Mount Baker, in western Washington, is considered the second most active volcano in the Cascade arc. Glacier-filled Sherman Crater, the currently active center, is located 350 m lower than, and about 800 m south of, the summit. Sherman Crater has a history of sudden, significant increases in geothermal activity (e.g., 1975), and communities and reservoirs lie directly in the path of potential lahars from the crater. To assess the threat of lahars to these downstream communities, we used Ground Penetrating Radar to determine the volume of ice within the crater and image the crater’s subglacial morphology.

We used a GSSI SIR-3000 GPR system and a low frequency (80 MHz) antenna in common offset (reflection) collection mode to create subglacial profiles along several west-east and south-north transects within the crater. We also used the GPR in common midpoint (CMP) collection mode to determine the velocity and dielectric structure of the ice and bedrock beneath the ice. GSSI’s RADAN 6.0 was used to match the surface elevation to the surface topography of the ice, based on altimeter readings.

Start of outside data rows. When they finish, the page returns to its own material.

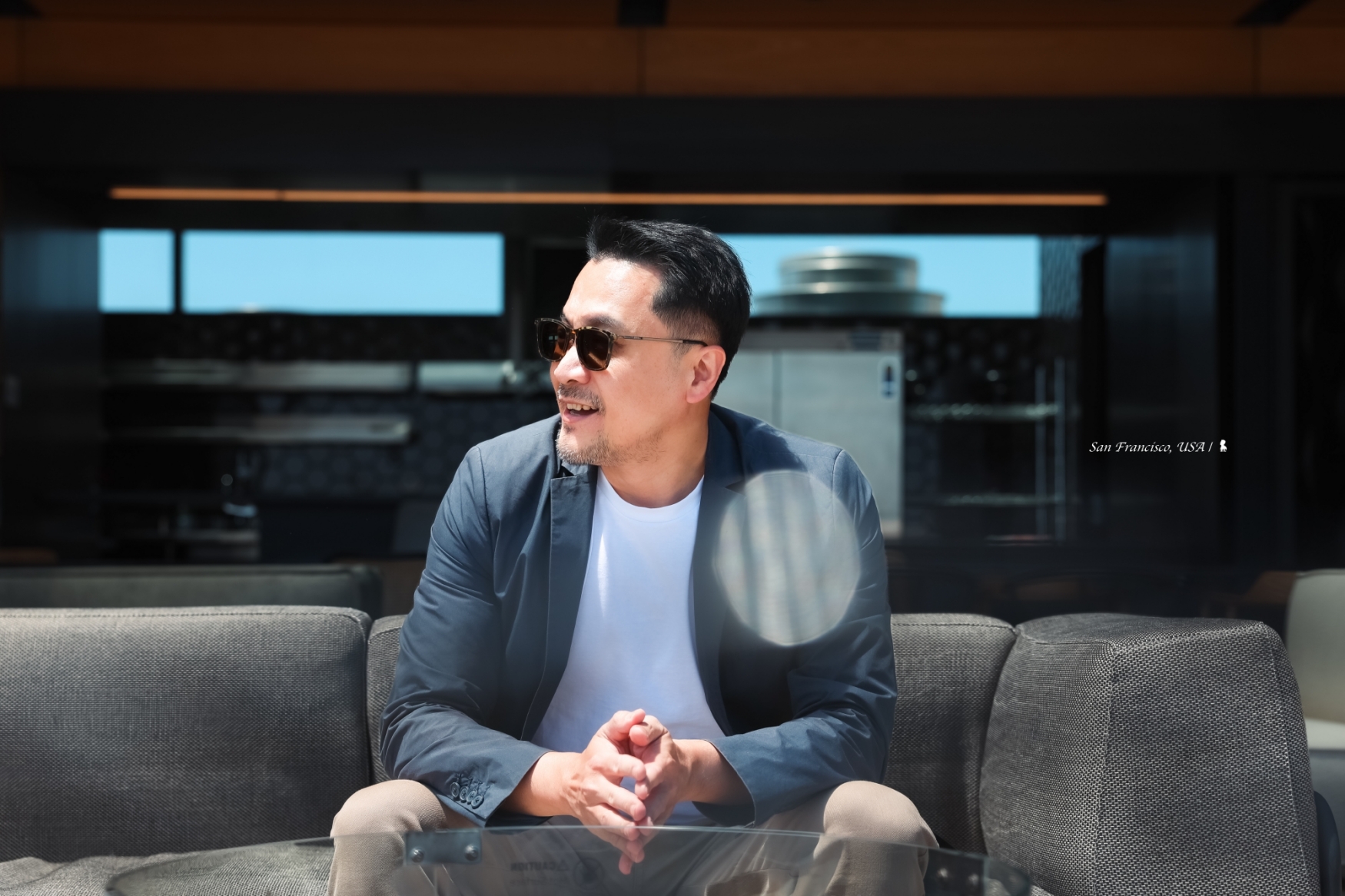 舊金山心臟地段的新風景線｜SERIF Residences 設計觀察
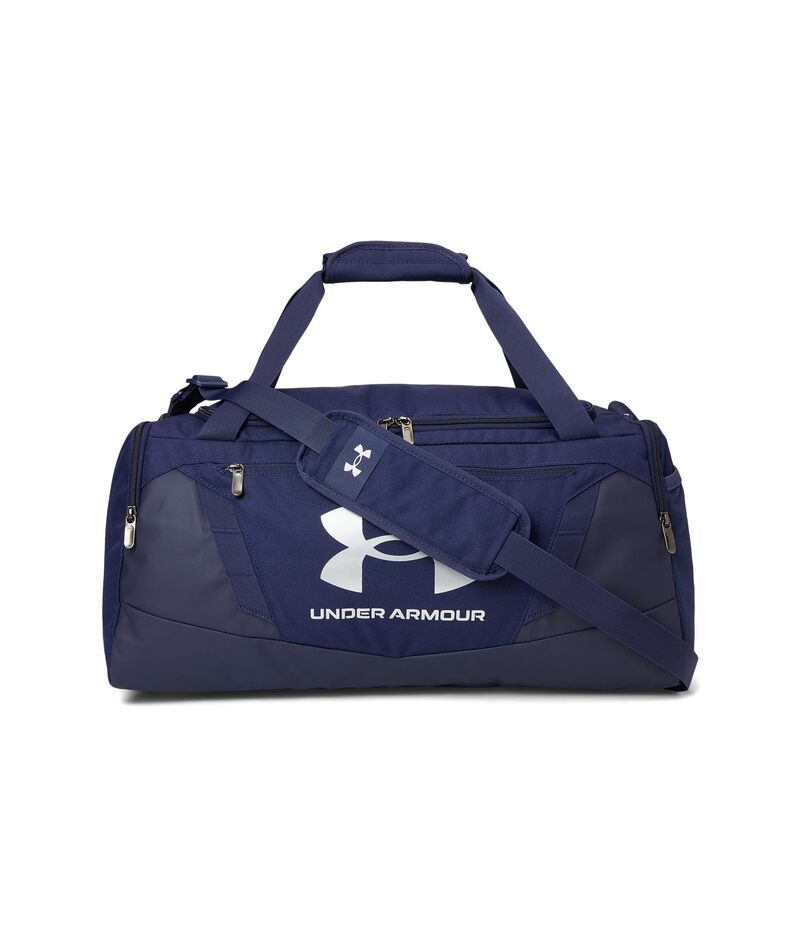 アンダーアーマー メンズ バッグ Under Armour Undeniable 5.0 Duffel SMidnight Navy/M ネイビー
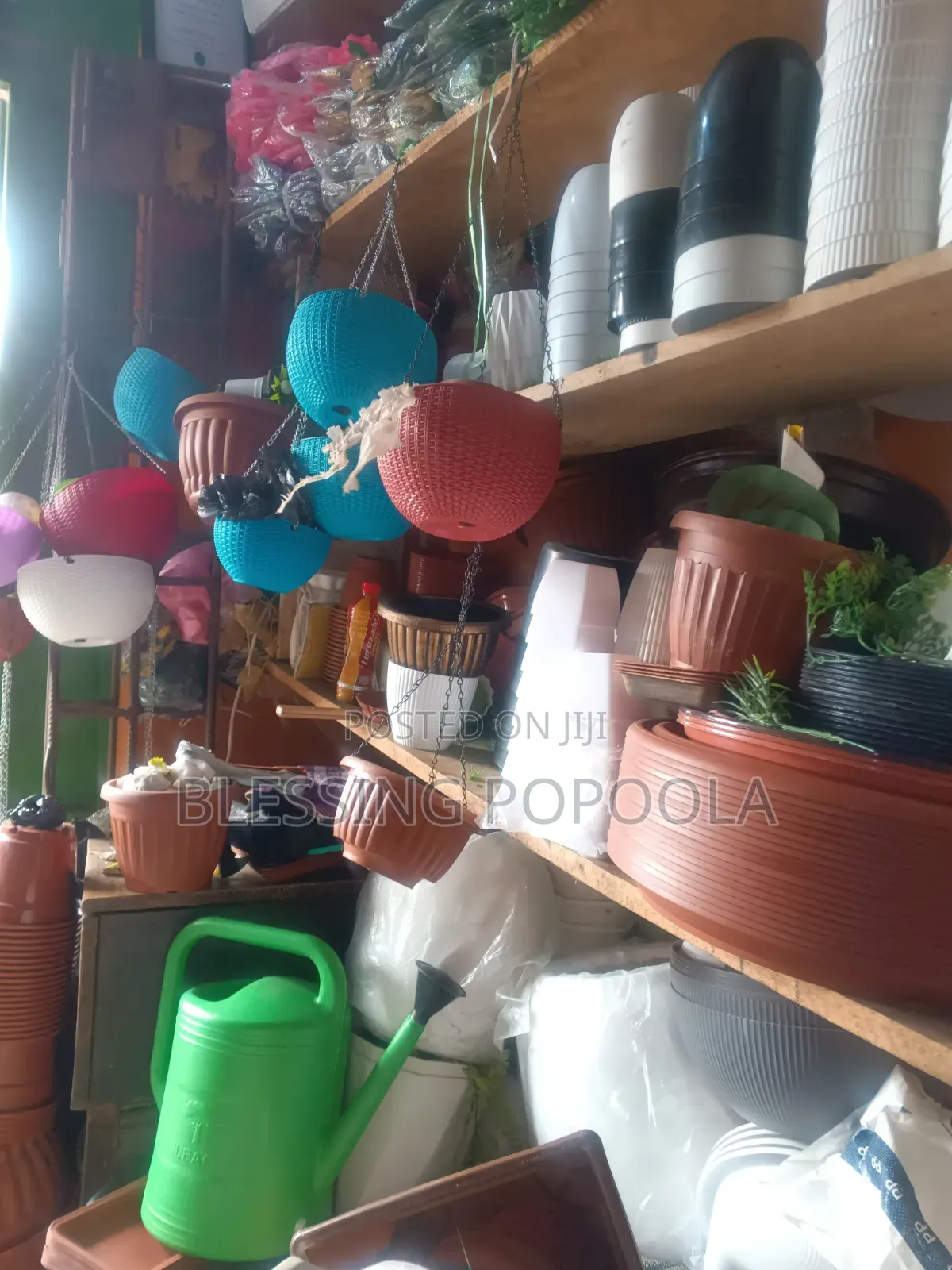 Flower Pot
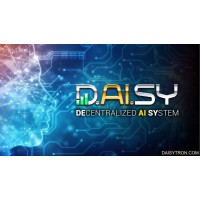 Daisy Global Team Logo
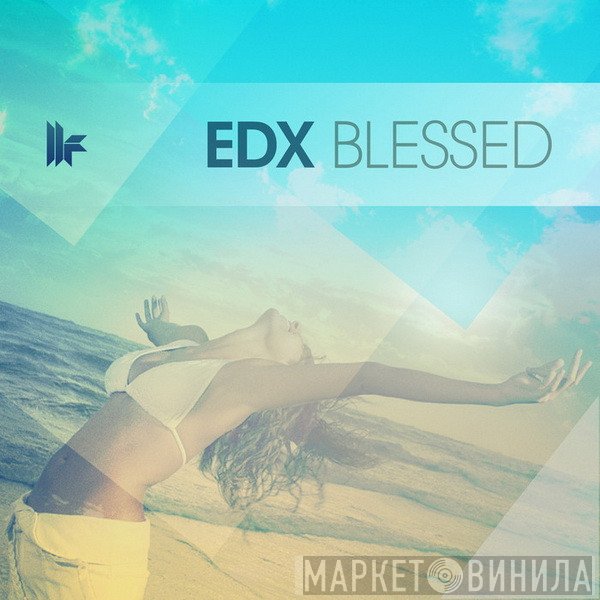EDX  - Blessed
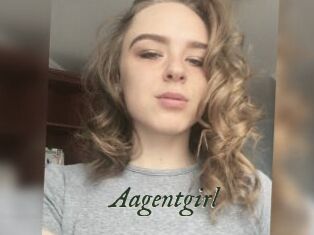 Aagentgirl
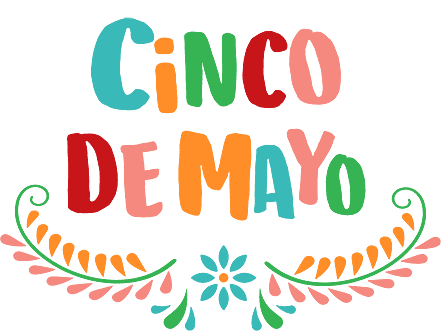cinco de mayo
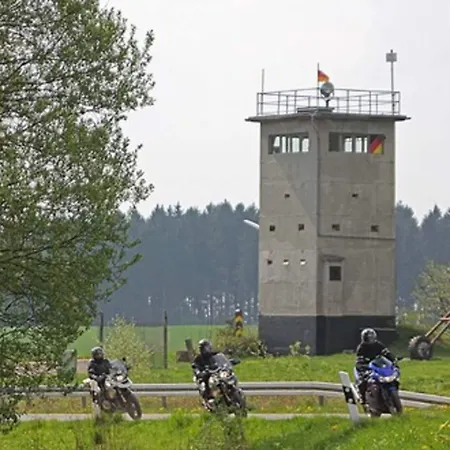Sauerbrey Ξενοδοχείο Osterode am Harz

Our preliminary GPR profiles reveal a distinct basal reflector at the ice-bedrock interface as well as numerous internal reflectors likely related to zones of enhanced subglacial melting and to dust/debris layers formed during summer ablation. Along west-east transects, the crater’s bedrock topography largely follows the glacier’s surface, but thins dramatically at the lowest 85 m towards the eastern breach. Assuming a uniform EM wave velocity through the ice of 0.168m/ns (following a previous GPR survey of the Carmelo (summit) crater), we estimate the maximum ice thickness to be ~50 m. A strong sub-horizontal reflector near the deepest part of the crater, adjacent to the eastern breach, suggests the presence of a subglacial lake.

Ongoing GPR and CMP work in the crater this summer should further unlock mysteries held within the ice of Sherman Crater and help us assess the threat of lahars from potential melting of the crater glacier.